::: Record set

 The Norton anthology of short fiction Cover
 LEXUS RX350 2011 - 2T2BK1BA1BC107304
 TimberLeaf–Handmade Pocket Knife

::::::
::: Record set

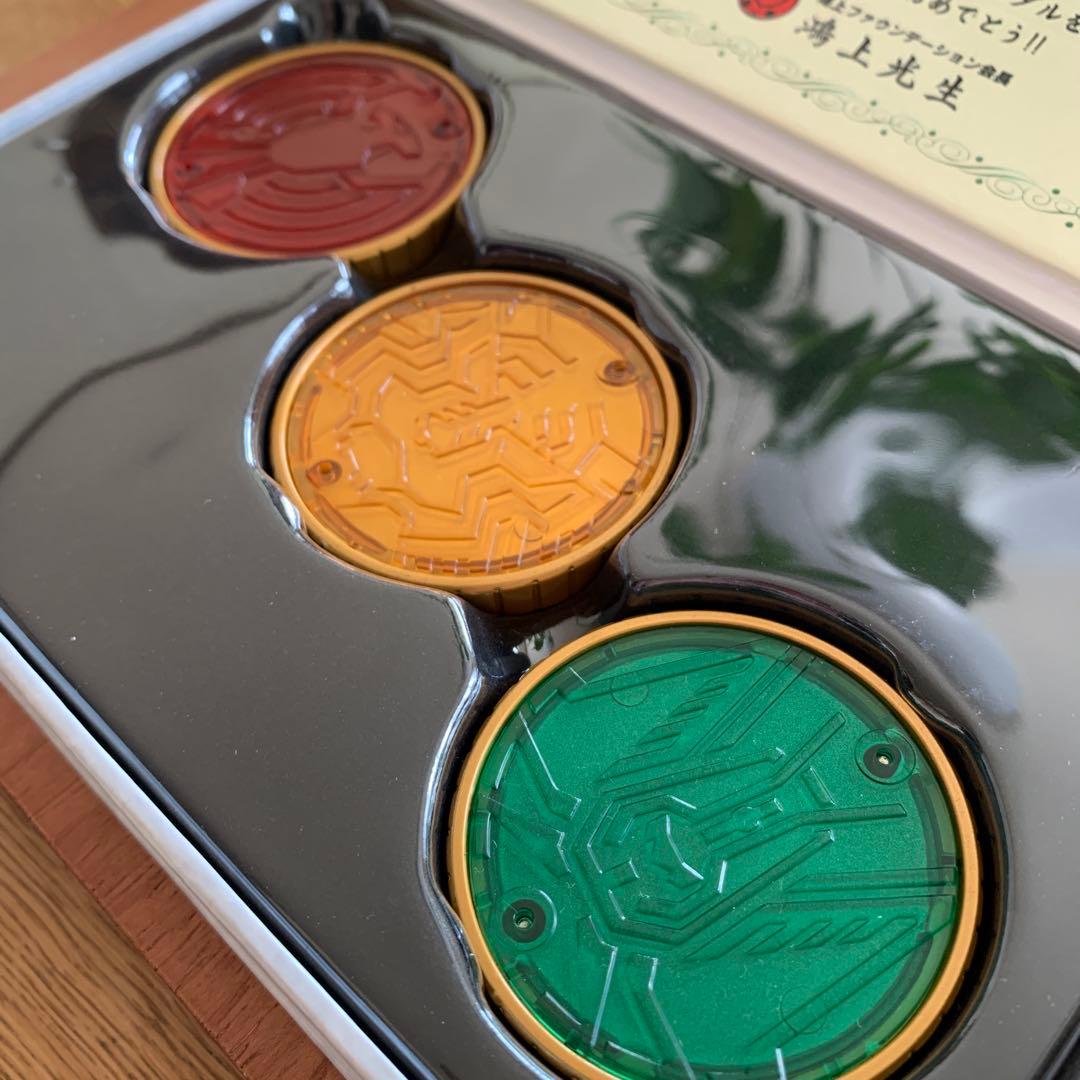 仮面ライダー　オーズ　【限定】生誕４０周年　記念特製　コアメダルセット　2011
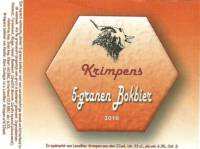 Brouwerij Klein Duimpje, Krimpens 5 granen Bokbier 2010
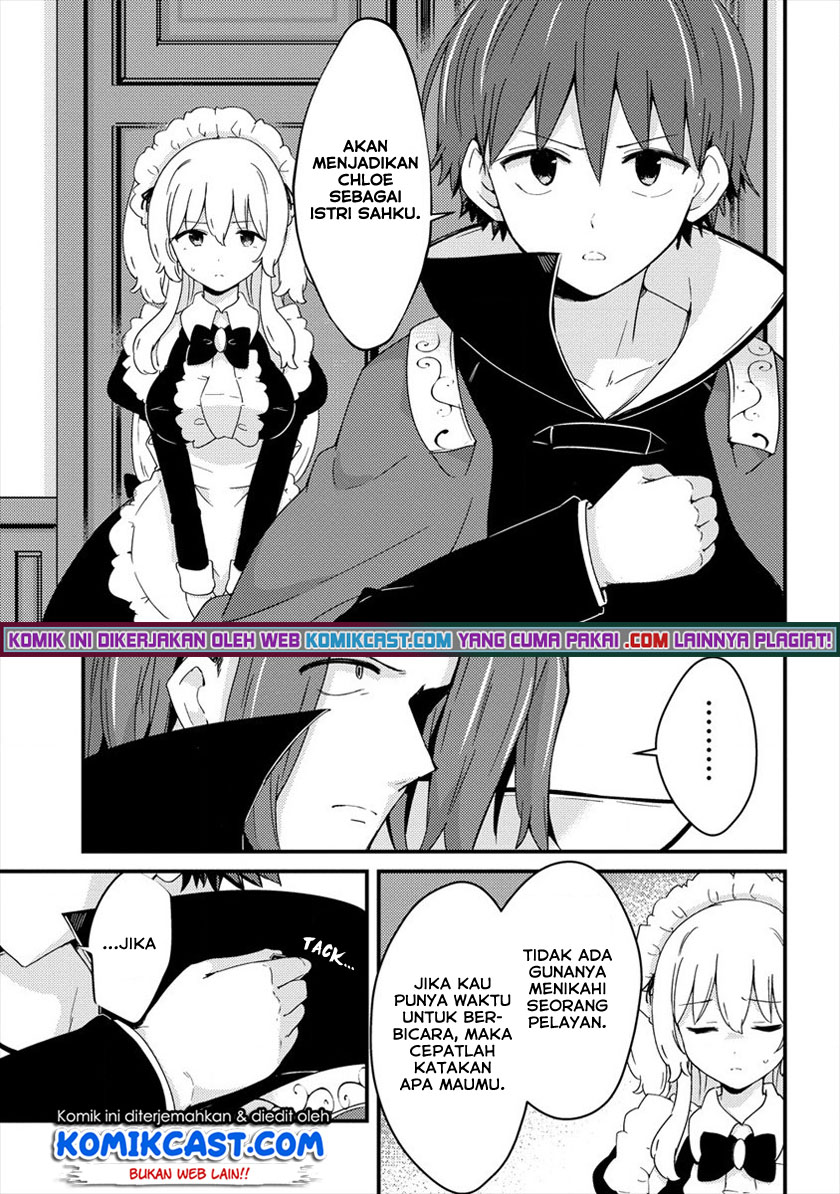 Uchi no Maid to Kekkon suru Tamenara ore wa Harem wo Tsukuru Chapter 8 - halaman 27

::::::

Using the entries above, give back exactly the line containing "The Norton anthology of short fiction Cover", the line containing "TimberLeaf–Handmade Pocket Knife", and every line between them, and nothing else.

Your solution
 The Norton anthology of short fiction Cover
 LEXUS RX350 2011 - 2T2BK1BA1BC107304
 TimberLeaf–Handmade Pocket Knife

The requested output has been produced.